I just typed out quite a lengthy post. But look how quickly I've deleted it. It was self-centered and full of nothing but complaints and can be cut down to:
  • I am never teaching another childrens' class again.
  • Parents terrify me.
  •  I'm sick to death of everything.
  • I'm in a cyclical state of anger and bitterness and contempt for everything and anything. Mainly my self.
  • Brogan's 2nd biopsies came back cancer free.
  • But he needs a vaccine that Joe and I cant afford.
  • I miss the person I was 3 months ago and wish I could just accept the person I apparently have become now and get it over with, rather than constantly being full of hate and loathing.
  • In fact it seems I don't feel much of anything anymore except for anger, anxiety, and stress.
  • I've become very self centered. See how many I's are in this post already?
  • I feel shallow, superficial, daft, clueless, flighty. 
  • My appetite is still through the roof and I'm at my wits end over it.
  • The weather has been awful; disgustingly hot for weeks on end, soon to be months.
  • My student loans are in default and any day now it'll be the government banging down my door instead of sallie mae. I have no money for them no matter who's doing the calling.
  • All I do is complain.
  • I should be happy: Brogan is not dying so swiftly. I'll be in Ireland soon. I have a big-girl internship that should be enjoyable. 
  • So...what gives?


Sometimes, increasingly more often actually, it seems the only thing to do is to start smoking cigarettes again because I cannot take this any longer.
Although each day and night my mind says "I'm done, I can't do this, I quit, I can't take it," and I still haven't smoked even one drag.
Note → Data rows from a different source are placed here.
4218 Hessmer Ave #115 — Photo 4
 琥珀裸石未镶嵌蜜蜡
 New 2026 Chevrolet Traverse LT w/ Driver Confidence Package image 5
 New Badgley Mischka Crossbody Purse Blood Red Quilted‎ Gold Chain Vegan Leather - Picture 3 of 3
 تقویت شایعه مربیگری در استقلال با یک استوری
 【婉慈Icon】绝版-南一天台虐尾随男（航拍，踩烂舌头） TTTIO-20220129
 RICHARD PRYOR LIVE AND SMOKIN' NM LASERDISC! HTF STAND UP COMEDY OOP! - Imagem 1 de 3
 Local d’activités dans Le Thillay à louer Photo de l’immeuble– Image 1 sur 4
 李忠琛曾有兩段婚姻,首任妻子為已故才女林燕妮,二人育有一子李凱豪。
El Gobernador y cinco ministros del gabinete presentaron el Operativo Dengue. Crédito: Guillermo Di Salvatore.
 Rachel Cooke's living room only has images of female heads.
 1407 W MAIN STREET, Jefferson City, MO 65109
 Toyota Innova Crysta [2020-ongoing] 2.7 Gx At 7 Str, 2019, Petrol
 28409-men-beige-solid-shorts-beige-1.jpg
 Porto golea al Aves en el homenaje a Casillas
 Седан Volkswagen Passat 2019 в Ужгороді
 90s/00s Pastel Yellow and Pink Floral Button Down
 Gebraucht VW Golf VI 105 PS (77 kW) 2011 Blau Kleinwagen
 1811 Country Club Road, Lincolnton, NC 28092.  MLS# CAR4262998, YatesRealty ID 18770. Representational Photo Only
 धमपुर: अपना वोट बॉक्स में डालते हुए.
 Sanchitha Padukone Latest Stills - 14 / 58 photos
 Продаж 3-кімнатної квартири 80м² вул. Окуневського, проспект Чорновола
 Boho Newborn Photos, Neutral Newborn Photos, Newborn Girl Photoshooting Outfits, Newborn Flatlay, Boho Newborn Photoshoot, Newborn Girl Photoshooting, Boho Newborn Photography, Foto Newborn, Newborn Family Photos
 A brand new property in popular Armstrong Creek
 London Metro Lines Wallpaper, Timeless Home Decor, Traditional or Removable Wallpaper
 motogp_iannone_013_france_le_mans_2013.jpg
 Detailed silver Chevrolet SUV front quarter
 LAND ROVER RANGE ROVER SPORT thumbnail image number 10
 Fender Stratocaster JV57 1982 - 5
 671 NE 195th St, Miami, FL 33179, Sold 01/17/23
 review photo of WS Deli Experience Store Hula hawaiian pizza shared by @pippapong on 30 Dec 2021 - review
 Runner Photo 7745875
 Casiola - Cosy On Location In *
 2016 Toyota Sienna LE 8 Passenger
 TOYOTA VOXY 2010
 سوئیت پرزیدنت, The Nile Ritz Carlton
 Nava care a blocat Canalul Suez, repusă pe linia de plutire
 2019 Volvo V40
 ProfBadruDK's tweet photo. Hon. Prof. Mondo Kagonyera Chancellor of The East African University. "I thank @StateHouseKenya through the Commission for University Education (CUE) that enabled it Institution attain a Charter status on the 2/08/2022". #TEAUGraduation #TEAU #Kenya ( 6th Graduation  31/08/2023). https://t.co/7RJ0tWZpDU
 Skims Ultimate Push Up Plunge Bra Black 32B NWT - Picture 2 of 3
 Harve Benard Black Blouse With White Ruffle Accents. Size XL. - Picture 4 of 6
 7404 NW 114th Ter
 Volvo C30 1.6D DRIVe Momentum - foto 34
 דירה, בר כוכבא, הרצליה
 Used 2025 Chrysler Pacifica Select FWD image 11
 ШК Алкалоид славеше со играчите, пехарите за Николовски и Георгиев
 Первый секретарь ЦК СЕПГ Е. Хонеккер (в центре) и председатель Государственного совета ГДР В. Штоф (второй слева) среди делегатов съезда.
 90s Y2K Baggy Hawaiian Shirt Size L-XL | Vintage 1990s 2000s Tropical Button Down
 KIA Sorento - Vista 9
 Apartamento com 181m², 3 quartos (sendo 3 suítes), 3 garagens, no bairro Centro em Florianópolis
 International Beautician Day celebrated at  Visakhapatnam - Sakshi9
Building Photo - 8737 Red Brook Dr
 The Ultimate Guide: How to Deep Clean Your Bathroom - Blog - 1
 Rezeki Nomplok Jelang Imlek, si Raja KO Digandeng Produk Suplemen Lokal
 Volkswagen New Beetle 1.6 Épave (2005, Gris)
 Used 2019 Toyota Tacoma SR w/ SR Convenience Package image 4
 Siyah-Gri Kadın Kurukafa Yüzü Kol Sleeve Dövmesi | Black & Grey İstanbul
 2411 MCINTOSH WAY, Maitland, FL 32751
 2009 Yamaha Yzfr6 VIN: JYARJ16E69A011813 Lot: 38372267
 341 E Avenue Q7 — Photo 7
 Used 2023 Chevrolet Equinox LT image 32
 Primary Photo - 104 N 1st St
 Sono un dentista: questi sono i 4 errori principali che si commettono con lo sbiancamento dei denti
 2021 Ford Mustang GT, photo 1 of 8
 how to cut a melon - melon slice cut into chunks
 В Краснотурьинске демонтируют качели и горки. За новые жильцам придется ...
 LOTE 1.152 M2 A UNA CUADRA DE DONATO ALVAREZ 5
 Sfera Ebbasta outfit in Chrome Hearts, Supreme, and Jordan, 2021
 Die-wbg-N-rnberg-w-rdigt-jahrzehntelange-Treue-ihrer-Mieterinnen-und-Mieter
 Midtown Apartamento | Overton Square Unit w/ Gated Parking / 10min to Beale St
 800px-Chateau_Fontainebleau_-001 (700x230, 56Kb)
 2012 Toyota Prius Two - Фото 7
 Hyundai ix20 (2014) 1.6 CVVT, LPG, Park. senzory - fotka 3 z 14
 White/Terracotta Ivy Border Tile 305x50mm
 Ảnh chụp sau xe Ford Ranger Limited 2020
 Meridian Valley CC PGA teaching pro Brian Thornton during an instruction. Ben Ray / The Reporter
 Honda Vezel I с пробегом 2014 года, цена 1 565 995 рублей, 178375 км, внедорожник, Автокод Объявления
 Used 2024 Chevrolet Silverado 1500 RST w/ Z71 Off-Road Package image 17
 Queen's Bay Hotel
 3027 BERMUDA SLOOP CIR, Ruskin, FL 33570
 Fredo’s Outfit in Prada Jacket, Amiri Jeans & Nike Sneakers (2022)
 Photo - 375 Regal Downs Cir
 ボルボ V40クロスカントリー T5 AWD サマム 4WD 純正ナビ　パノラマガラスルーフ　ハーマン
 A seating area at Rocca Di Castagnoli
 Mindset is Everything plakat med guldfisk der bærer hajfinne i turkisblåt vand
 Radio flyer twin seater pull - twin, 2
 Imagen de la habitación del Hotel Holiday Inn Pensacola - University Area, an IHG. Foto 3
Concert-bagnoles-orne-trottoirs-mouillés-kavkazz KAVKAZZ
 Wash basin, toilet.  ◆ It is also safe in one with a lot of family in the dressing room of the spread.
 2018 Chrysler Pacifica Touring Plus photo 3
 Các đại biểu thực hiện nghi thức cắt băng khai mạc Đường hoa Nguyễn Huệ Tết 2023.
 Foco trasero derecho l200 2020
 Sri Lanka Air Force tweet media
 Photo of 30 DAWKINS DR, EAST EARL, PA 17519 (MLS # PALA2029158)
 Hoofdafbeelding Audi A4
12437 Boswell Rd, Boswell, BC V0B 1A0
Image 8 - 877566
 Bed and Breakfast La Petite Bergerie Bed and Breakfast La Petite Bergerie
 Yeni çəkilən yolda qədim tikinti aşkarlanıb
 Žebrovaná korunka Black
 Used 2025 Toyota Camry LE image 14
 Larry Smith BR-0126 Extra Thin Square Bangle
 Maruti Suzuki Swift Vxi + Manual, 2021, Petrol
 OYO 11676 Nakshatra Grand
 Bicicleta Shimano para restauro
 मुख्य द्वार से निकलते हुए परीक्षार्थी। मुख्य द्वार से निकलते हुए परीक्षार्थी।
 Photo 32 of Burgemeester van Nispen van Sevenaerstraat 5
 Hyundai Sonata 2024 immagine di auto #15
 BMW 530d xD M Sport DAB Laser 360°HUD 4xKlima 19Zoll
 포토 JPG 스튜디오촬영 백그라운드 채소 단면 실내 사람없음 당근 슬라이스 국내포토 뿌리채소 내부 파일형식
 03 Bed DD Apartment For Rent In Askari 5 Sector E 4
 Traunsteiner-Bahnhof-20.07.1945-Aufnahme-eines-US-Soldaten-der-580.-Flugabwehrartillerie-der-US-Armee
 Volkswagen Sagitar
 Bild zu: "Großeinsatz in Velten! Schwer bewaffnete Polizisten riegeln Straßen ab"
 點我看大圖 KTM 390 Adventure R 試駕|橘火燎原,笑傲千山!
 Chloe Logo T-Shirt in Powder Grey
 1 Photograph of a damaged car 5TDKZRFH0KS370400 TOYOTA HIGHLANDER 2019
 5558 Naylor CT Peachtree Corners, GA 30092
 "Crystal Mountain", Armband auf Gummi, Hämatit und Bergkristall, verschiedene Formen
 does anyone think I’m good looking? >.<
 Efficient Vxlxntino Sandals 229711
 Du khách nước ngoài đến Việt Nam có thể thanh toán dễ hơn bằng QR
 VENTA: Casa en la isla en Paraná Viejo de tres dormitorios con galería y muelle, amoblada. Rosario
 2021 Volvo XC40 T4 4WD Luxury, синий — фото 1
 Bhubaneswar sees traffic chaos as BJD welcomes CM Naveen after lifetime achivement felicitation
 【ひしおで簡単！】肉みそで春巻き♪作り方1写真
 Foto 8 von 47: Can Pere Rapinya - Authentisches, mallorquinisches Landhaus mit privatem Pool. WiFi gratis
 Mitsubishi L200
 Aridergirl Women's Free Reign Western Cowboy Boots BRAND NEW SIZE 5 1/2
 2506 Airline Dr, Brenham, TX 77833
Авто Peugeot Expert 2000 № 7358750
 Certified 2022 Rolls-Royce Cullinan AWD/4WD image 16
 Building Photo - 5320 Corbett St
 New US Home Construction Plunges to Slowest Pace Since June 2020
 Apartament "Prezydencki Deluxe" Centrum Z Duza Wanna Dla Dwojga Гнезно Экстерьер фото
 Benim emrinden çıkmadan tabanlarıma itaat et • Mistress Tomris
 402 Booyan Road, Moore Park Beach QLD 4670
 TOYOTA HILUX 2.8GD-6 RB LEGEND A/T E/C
But I feel miserable and I don't know what to do.

1 comment:

  1. Yet again, most of this is familiar. Some of the details are different, but I'm going through a very similar phase.

    I suspect there are a lot of of complex emotional and psychological issues here. I doubt they're caused by quitting smoking; I think it's more that the lack of cigarettes has removed a comfort source, which the food craving is trying to compensate for. I think you're stuck in a circumstantial pressure loop which the artistic nature doesn't handle too well. That sort of thing requires the application of traits either not present or underdeveloped in our kind of psyche. I suspect you're a classic HSP type who will always have this problem, and that eventually you'll learn to ride it.

    For now, I think the best hope is a complete change of environment and focus, which Ireland will hopefully provide.

    And it isn't self-centered to let all this out; it's just a bit of a safety valve. HSP types tend to implode if they don't have a safety valve.

    Glad to hear Brogan is doing OK, and I hope lady luck brings the means to provide the medication.

    Take heart, Kaetlyn. I go through this kind of thing often, and I'm still here.